Thousands of residents were evacuated from the Whaley Bridge area on Thursday after the dam wall at Toddbrook Reservoir became cracked and started to fall away following torrential rainfall.
A major operation involving a multi-agency taskforce consisting of the Environment Agency, Derbyshire Fire and Rescue Service, South Yorkshrie Fire and Rescue, the Canal River Trust, police, military and many others, has been ongoing in recent days to try and secure the damaged dam.
Derbyshire Police said people were evacuated from a further 55 homes in Horwich End on Saturday due to ‘a potential increase in risk of adverse weather in the coming days and the ongoing risk of the Toddbrook Reservoir breaching.’
South Yorkshire Fire and Rescue has assisted the taskforce by providing a high volume pump from Aston Park Fire Station in Sheffield, plus a hose layer from Tankersley.

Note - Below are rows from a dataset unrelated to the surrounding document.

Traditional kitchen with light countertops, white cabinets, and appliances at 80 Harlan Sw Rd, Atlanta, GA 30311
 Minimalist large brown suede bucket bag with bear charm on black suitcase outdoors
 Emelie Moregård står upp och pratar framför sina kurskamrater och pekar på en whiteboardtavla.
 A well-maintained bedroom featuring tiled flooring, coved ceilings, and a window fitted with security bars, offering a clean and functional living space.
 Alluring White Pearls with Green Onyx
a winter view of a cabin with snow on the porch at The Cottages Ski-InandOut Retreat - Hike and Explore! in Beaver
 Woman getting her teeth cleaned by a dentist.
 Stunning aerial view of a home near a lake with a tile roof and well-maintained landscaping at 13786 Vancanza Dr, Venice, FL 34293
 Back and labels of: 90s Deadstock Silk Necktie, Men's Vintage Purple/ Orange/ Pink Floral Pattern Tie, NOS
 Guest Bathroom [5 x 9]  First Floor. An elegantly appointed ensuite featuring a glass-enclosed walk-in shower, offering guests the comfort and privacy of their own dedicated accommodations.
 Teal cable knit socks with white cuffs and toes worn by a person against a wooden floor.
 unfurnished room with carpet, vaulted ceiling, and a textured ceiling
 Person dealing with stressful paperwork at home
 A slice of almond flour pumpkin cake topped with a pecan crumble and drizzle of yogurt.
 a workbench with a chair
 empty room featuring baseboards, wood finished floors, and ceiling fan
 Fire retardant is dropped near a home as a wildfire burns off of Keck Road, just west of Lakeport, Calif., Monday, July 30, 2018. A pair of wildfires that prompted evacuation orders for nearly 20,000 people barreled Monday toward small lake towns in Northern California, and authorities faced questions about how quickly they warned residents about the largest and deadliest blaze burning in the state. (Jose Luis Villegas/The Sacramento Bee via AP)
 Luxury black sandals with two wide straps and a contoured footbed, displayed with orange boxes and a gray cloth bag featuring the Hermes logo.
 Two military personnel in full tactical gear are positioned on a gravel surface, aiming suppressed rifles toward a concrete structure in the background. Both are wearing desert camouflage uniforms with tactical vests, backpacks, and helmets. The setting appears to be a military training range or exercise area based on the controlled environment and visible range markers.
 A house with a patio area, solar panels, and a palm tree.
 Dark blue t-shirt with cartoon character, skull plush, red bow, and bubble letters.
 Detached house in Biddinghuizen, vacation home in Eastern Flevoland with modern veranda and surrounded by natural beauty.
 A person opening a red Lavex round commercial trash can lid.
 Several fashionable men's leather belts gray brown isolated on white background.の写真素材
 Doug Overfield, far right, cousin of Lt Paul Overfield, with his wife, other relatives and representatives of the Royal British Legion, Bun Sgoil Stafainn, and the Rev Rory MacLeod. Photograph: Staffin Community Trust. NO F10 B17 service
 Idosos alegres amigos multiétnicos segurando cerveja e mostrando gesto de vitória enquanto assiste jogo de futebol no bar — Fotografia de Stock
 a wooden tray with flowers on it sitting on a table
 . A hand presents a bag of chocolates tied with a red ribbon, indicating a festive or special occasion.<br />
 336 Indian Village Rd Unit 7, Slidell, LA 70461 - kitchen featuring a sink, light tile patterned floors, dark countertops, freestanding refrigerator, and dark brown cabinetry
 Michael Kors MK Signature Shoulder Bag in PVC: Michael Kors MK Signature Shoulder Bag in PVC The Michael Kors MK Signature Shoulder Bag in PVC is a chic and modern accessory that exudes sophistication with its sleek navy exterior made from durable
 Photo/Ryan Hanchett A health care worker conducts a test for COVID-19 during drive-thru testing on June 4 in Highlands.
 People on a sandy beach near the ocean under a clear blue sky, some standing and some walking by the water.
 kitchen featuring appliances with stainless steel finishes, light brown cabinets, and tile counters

The brigade has also sent an operational support office.
Emergency services and the military have managed to lower the water levels at the reservoir by 1.3m since Thursday.
However, forecasters have said as much as 1.6ins of of rain could fall in just two hours later today.
Derbyshire's deputy chief fire officer, Gavin Tomlinson, said crews were working to get "ahead of the curve" and "minimise the impact of any bad weather that does materialise."
The Canal and River Trust estimated the reservoir was at 83 per cent of its capacity by Saturday afternoon after 23 million gallons of water was pumped out in 12 hours.
An RAF Chinook helicopter put 400 tonnes of sandbags on the affected part of the dam on Friday - adding a further 70 on Saturday.
Daniel Greenhalgh, from the trust, which owns the reservoir and dam, warned: "We are not out of the woods yet.
"The last estimate was that residents could be out of their homes for seven days yet."
On Saturday residents were allowed to return to their homes ‘at their own risk’ for 15 minutes to pick up pets and essentials.
However, with the threat of further adverse weather, the taskforce has now stopped this and nobody is allowed back to the small town for the time being.
Police, the Environment Agency, and the Canal and River Trust have all said there is a "real risk" the 188-year-old dam could collapse and flood the town.
The Met Office has issued a yellow weather warning for much of northern England and the Midlands, including the area around the reservoir.
The Canal and River Trust has defended the maintenance and safety of the structure, which was built in 1831.
Mr Greenhalgh said: "This dam was inspected regularly, by us and an independent engineer.
"It needs to be remembered there was a huge amount of rain in a short time and this flooded the area."
Prime Minister Boris Johnson visited on Friday and promised a "major rebuild" of the dam.
The train line between Sheffield and Manchester is expected to remain closed until at least Tuesday morning as the efforts continue.